• _DATA BELOW_
++++++++

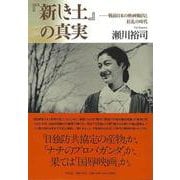 【バーゲンブック】新しき土の真実-戦前日本の映画輸出と狂乱の時代 [単行本]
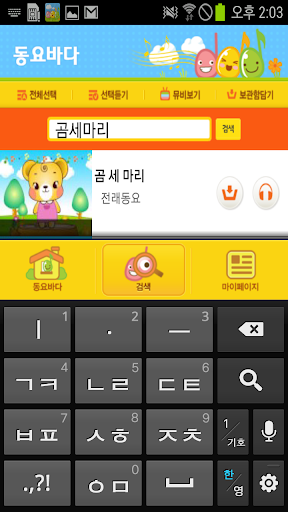 【免費音樂App】동요바다 :무료 인기 동요듣기(뽀로로,곰세마리...)-APP點子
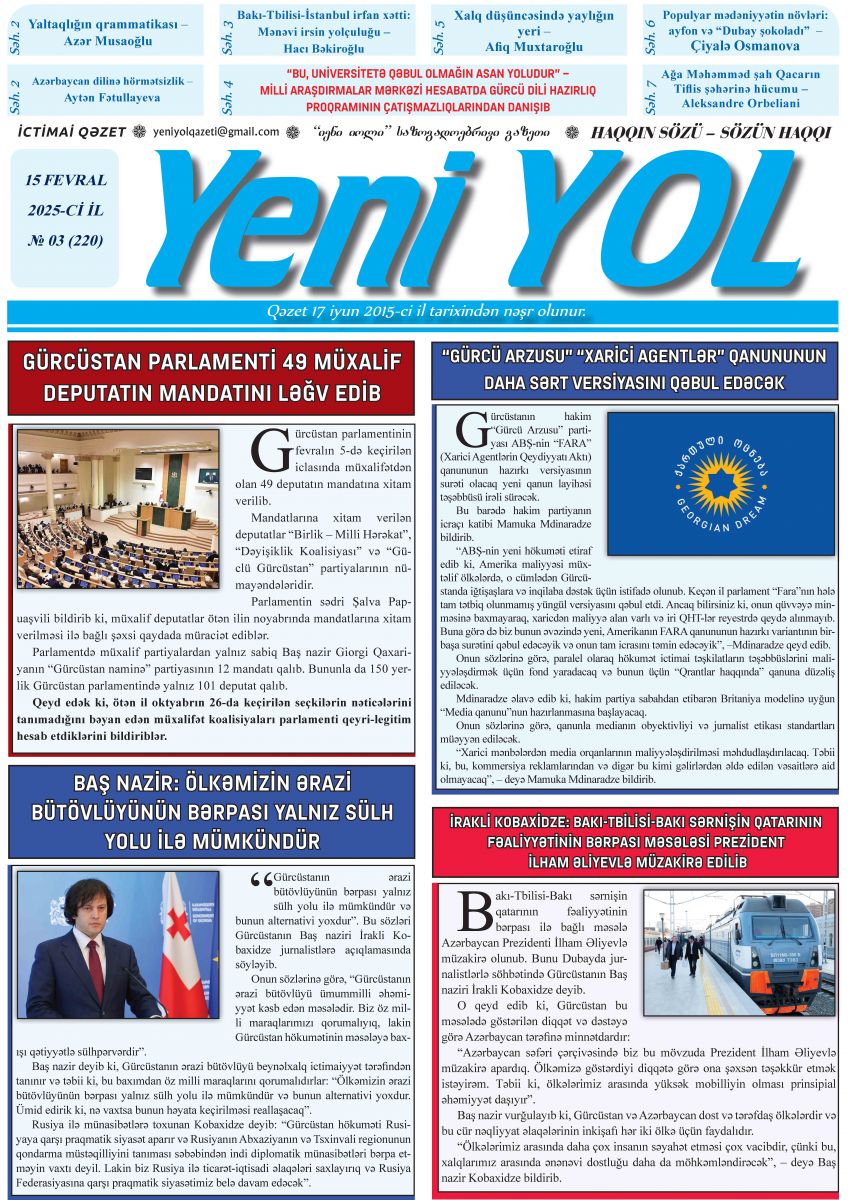 2025-Cİ İL № 03 (220) 15 FEVRAL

++++++++

• _PROBLEM DESCRIPTION_
Pictures do not belong in the copy. Reproduce the rest of the data exactly.

• _SOLUTION TO THE EXERCISE_
 【バーゲンブック】新しき土の真実-戦前日本の映画輸出と狂乱の時代 [単行本]
 【免費音樂App】동요바다 :무료 인기 동요듣기(뽀로로,곰세마리...)-APP點子
 2025-Cİ İL № 03 (220) 15 FEVRAL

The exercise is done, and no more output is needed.